Zum Nachdenken anregen
Norbert Matern besuchte die Jugendbildungsstätte Essen-Callhorn

Nach einem eigenen Namen brauchte der Salesianerbruder Tratz beim Eintritt in seine Kongregation in den 70er Jahren nicht zu suchen: Seine Eltern hatten ihn auf Wirnto, einen Benediktinerabt des 12. Jahrhunderts taufen lassen. Der heutige Wirnto - Sohn einer Schlesierin und eines Königsbergers - aber entschied sich nach der Flucht aus Thüringen 1953 und der Ausbildung als Kunstglaser nicht für die schwarze Kutte der Benediktiner, sondern ohne kirchliches Gewand für die Arbeit mit Jugendlichen. Zunächst aber mußte er bei Rüdesheim als Erzieher geschult werden.

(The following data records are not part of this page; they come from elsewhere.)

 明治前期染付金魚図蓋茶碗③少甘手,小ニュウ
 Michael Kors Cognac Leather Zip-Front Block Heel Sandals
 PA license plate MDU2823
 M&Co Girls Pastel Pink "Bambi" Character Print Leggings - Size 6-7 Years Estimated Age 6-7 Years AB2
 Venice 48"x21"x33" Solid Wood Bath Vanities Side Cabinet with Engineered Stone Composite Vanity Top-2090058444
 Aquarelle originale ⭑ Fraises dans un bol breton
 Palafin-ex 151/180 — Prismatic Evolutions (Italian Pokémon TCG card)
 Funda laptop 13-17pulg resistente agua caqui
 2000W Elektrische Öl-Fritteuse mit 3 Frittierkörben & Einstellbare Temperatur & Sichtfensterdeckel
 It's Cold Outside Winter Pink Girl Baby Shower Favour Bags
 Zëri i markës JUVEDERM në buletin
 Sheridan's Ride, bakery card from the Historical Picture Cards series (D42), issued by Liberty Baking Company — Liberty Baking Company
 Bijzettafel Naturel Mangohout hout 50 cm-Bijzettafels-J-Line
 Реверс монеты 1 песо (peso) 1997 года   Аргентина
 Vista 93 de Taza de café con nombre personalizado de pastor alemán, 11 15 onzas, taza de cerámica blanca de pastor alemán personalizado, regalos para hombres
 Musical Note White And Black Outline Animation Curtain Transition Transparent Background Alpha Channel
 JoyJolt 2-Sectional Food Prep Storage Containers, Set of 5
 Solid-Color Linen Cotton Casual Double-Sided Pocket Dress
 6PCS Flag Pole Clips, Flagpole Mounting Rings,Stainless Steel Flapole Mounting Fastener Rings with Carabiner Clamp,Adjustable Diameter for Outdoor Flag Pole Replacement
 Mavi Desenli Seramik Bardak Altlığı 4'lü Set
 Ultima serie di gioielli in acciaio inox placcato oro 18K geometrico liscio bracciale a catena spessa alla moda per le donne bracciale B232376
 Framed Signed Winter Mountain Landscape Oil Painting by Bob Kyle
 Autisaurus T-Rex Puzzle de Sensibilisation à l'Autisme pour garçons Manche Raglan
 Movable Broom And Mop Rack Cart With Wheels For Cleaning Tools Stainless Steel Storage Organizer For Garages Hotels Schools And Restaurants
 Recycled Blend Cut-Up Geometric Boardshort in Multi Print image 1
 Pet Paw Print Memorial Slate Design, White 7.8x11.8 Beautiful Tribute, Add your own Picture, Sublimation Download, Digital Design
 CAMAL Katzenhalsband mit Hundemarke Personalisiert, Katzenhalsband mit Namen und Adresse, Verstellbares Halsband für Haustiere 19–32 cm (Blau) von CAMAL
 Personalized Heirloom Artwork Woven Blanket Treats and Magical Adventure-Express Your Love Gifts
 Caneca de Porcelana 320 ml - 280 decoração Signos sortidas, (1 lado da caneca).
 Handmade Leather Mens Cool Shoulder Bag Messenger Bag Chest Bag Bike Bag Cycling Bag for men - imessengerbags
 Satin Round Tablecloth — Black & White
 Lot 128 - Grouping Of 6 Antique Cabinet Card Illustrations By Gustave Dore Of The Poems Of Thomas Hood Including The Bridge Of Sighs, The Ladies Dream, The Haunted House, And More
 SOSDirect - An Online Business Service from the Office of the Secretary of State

"Mit Don Bosco für die Jugend", so steht es auf einem Stein im Garten der Jugendbildungsstätte Essen / Callhorn im Bereich des Offizialats Vechta. Die Salesianer wirken in 130 Ländern; sie sind inzwischen nach den Jesuiten die weltweit größte katholische Ordensgemeinschaft, genauer gesagt Kongregation.

Der Kleinbus, mit dem Bruder Tratz Gäste vom acht Kilometer entfernten Bahnhof Essen / Oldenburg abholt, ist über und über mit Werbung beklebt. Bruder Wirnto ist Finanzleiter der kleinen Kommunität mit vier Patres und drei Brüdern und muß das Geld hereinholen. Zwei der Patres sind in Hemmelte und Bevern in der Seelsorge tätig, Pater Direktor Paul Thörner und Wirnto kümmern sich um die geistliche und übrige Betreuung ihrer jungen Gäste. Die 50 Betten im Haupthaus Don Bosco und dem 100 Meter entfernten Haus Rinaldi - benannt nach einem Nachfolger Don Boscos - sind fast immer besetzt. "Wir sind dieses Jahr voll ausgebucht."

"Jugendexerzitien, Besinnungstage und Vorbereitungen der Firmgruppen haben", so Pater Direktor, "einen besonderen Stellenwert." - "Die Firmlinge sind in einem besonders schwierigen Alter", wirft Bruder Tratz ein. Im Haus sind aber auch Georgspfadfinder und Kolpingsöhne, Schulklassen und Frauenverbände gern gesehene Gäste. Jedes Jahr zu Ostern finden sich Familien aus dem CVJM ein. Ökumene wird also groß geschrieben. Jugendliche haben rund um die Häuser genug Platz, auch Zelte aufzustellen. Neugierig streichen zwei Haflinger an den Zelten vorbei. Vor allem für Kinder sind sie eine große Freude. Reiten dürfen die Kinder aber nur unter Aufsicht. Auf der großen Freibühne wird gespielt. Wenn die kleine Kapelle nicht alle faßt, wird der Gottesdienst ins Freie verlegt. Ein großes Kreuz und eine hölzerne Muttergottesdarstellung bieten den Rahmen für religiöse Feiern.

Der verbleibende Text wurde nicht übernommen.